Begin at the line that holds "Росія й Україна" and copy each line exactly until the data below ends, including that last line but no pictures.

* **STORED DATA**:
=====
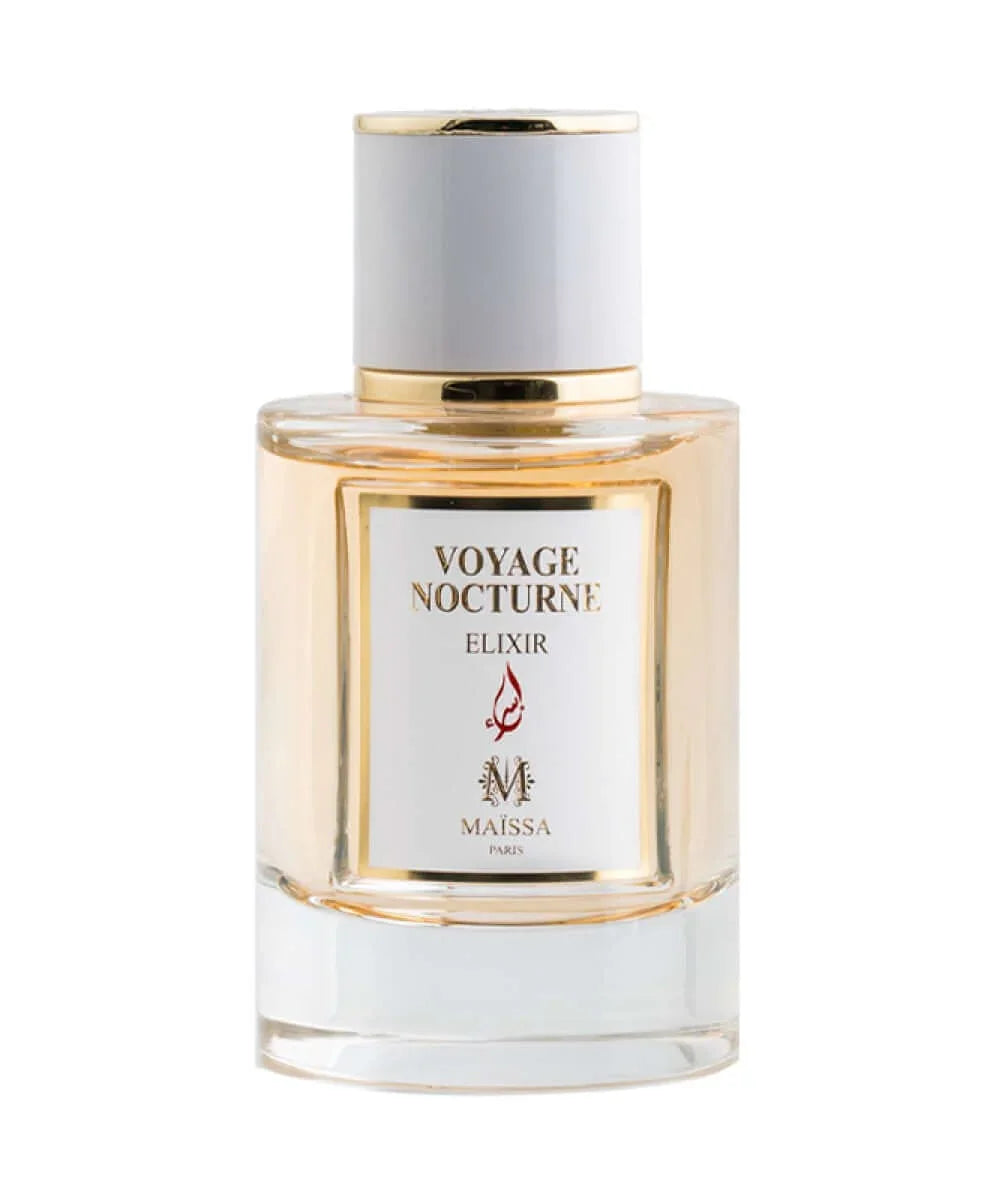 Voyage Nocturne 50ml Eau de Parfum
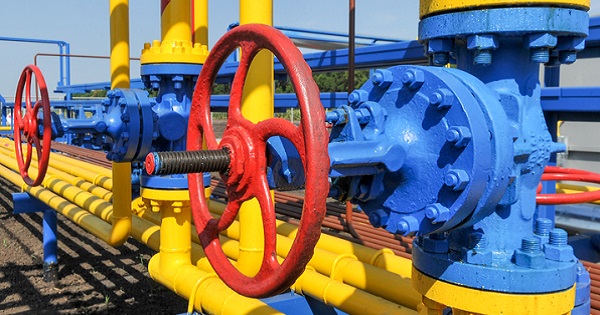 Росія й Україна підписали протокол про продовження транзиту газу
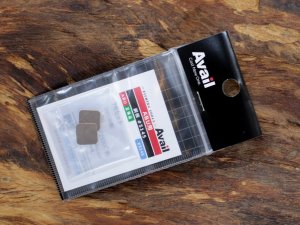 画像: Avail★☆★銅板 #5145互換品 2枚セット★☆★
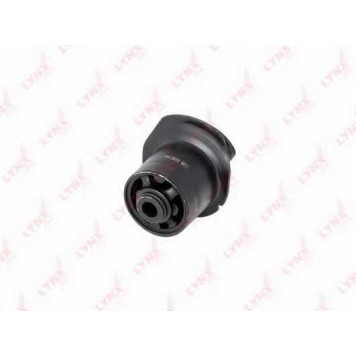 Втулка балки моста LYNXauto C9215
=====
* **YOUR SOLUTION**:
 Росія й Україна підписали протокол про продовження транзиту газу
 画像: Avail★☆★銅板 #5145互換品 2枚セット★☆★
 Втулка балки моста LYNXauto C9215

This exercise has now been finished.